3.1.8.2 Compressing Data
The uncompressed data is first inserted into the local history buffer at the position indicated by HistoryOffset by the sender. The compressor then runs through the length of newly added uncompressed data to be sent and produces as output a sequence of literals (bytes to be sent uncompressed) or copy-tuples which consists of a <copy-offset, length-of-match> pair.

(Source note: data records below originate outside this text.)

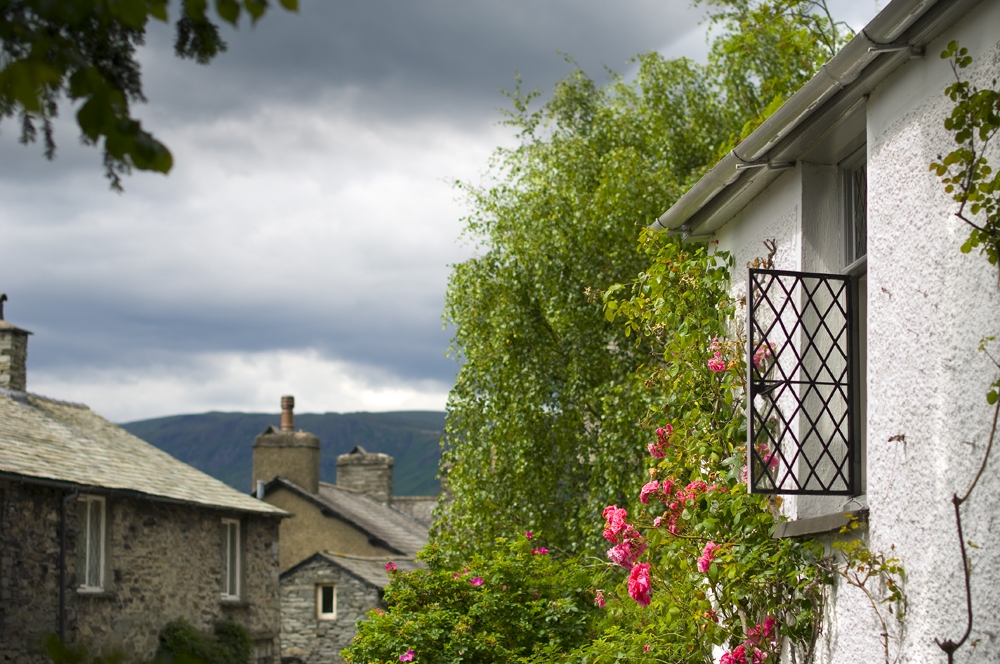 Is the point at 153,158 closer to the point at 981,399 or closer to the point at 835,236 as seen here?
the point at 981,399

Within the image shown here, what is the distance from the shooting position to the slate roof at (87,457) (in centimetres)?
1547

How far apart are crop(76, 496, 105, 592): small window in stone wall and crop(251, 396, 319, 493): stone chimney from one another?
14006 mm

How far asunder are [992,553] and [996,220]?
4.36 ft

The copy-offset component of the copy-tuple is an index into HistoryBuffer (counting backwards from the current byte being compressed in the history buffer towards the start of the buffer) where there is a match to the data to be sent. The length-of-match component is the length of that match in bytes, and MUST be larger than 2 (section 3.1.8.4.1.2.2 and 3.1.8.4.2.2.2). If the resulting data is not smaller than the original bytes (that is, expansion instead of compression results), then this results in a flush and the data is sent uncompressed so as never to send more data than the original uncompressed bytes.

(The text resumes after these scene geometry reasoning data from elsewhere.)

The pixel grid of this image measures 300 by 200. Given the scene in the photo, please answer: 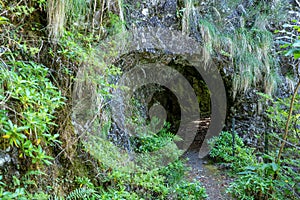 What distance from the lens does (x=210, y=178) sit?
14.4 feet

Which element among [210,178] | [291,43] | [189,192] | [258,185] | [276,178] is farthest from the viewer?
[210,178]

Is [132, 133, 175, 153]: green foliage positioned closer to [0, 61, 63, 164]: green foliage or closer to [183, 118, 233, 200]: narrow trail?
[183, 118, 233, 200]: narrow trail

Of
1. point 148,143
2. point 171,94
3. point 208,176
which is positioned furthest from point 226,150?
point 171,94

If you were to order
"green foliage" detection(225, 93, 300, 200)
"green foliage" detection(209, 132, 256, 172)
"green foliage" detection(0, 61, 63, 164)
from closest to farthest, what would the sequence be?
"green foliage" detection(0, 61, 63, 164) → "green foliage" detection(225, 93, 300, 200) → "green foliage" detection(209, 132, 256, 172)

In this way the compressor aims to reduce the size of data that needs to be transmitted. For example, consider the following string.
-
0 1 2 3 4 012345678901234567890123456789012345678901234567890 for.whom.the.bell.tolls,.the.bell.tolls.for.thee!
The compressor produces the following:
-
for.whom.the.bell.tolls,<16,15>.<40,4><19,3>e!
The <16,15> tuple is the compression of '.the.bell.tolls' and <40,4> is 'for.', <19,3> gives 'the'.
The expansion of a copy-tuple MUST use a "replicating copy". A replicating copy is implemented using the following pseudocode.
-
SrcPtr = HistoryPtr - CopyOffset; while (LengthOfMatch > 0) { *HistoryPtr = *SrcPtr; SrcPtr = SrcPtr + 1; HistoryPtr = HistoryPtr + 1; LengthOfMatch = LengthOfMatch - 1; }
For example, consider the following compressed stream.
-
Xcd<2,4>YZ
Using a replicating copy, this is correctly decompressed to
-
XcdcdcdYZ
Literals and copy-tuples are encoded using the scheme described in section 3.1.8.4.1 or 3.1.8.4.2 (the scheme used depends on whether RDP 4.0 or 5.0 bulk compression is being used).